How would this differ from the hypothetical non-shared case where each worker exposes a metrics port?
Where the data comes from each worker, there's no persistence of data beyond a worker's lifetime and the rate()
function works as expected. With shared memory where the client is smart and doing aggregation, you need to not lose increments from dead workers as counters need to be kept monotonic.
Prometheus has the paradigm that instrumentation is dumb, and all the logic is done in the prometheus server. You need to be careful when adding logic to clients that it maintains the same semantics as a dumb client.
So if worker 3 dies, the next worker spawned is also given the number 3.

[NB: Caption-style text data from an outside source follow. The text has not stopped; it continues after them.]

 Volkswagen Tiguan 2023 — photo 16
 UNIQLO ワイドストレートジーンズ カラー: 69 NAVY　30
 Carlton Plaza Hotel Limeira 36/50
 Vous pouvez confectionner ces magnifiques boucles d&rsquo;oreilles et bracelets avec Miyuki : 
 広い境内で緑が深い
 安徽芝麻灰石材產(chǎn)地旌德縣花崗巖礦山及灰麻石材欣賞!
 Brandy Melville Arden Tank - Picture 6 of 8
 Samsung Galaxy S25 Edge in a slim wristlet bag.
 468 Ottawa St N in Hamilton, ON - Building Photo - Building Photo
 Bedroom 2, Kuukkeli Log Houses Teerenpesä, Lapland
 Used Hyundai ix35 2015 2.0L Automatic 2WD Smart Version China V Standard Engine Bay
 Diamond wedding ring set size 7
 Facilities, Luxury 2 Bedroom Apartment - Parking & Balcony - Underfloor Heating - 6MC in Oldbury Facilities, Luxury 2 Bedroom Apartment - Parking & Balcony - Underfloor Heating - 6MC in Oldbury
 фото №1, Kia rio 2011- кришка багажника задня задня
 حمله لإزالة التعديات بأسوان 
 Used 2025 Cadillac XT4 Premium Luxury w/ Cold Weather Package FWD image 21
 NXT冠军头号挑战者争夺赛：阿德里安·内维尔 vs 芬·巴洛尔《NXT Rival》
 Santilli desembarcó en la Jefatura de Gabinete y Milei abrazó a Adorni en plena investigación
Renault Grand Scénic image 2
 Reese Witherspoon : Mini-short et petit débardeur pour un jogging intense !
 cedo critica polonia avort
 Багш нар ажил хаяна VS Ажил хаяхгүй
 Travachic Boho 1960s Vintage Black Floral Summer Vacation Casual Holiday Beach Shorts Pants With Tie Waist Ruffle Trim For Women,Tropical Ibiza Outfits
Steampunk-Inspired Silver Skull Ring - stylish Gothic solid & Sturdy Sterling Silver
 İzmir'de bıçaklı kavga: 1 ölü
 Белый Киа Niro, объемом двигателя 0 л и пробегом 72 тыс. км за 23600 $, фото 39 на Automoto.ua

That makes things easier alright. And as I presume everything is single-threaded, we don't need locking for metric updates.
Thinking on this over the past bit, I think we can make this work but only for Counter and Counter-like metrics (Summary without percentile and Histogram).
from client_ruby.
@brian-brazil Gauges are indeed a problem. I see four possibilities in principle for them:
- Allow the user to configure a merging strategy (averaging, summing, ...) for each gauge. The actual merging work wouldn't need to happen continuously, but only upon scrape.
- Make an exception for gauges and distinguish them by a "worker" label.
- Use "last write wins". But that's not useful at all for any common gauge use cases (queue lengths, etc.).
- Don't support gauges in this kind of environment, expecting that the bulk of relevant metrics for this use case would be counters and summaries anyways.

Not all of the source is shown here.